--- Goal of the exercise ---
For each line in the data below that holds "spring", return a copy.

[Data items]
*** Begin section ***

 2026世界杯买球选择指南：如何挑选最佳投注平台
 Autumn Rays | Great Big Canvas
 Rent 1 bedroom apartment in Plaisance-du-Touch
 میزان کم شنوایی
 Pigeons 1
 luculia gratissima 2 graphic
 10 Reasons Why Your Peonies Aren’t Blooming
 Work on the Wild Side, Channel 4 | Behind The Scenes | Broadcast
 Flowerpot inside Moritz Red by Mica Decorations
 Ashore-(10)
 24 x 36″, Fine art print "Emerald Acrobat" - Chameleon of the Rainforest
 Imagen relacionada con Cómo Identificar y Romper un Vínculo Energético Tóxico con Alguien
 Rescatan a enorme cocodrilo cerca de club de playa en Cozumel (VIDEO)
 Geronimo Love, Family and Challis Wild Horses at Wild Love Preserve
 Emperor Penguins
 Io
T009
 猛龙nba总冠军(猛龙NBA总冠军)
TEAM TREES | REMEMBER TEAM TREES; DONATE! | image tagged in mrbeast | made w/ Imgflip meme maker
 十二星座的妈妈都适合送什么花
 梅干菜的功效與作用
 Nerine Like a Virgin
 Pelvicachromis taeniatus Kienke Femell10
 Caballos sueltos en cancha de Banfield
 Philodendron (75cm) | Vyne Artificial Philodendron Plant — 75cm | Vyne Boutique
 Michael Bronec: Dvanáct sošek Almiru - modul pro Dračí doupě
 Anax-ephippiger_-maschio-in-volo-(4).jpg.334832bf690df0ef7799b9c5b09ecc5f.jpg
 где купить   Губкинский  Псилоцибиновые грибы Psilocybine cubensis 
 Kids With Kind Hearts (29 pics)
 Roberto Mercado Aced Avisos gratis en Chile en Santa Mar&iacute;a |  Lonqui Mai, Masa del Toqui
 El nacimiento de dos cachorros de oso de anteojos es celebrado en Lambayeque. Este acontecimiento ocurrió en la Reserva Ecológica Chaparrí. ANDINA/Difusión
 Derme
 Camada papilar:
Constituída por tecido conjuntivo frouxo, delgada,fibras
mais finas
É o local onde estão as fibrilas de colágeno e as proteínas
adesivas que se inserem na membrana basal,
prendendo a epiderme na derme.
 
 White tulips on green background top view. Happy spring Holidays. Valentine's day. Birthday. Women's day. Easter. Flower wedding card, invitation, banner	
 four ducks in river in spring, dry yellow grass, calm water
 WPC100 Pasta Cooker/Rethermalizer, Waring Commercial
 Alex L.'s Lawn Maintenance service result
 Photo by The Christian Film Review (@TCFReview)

*** End section ***

--- Response to the task ---
 White tulips on green background top view. Happy spring Holidays. Valentine's day. Birthday. Women's day. Easter. Flower wedding card, invitation, banner	
 four ducks in river in spring, dry yellow grass, calm water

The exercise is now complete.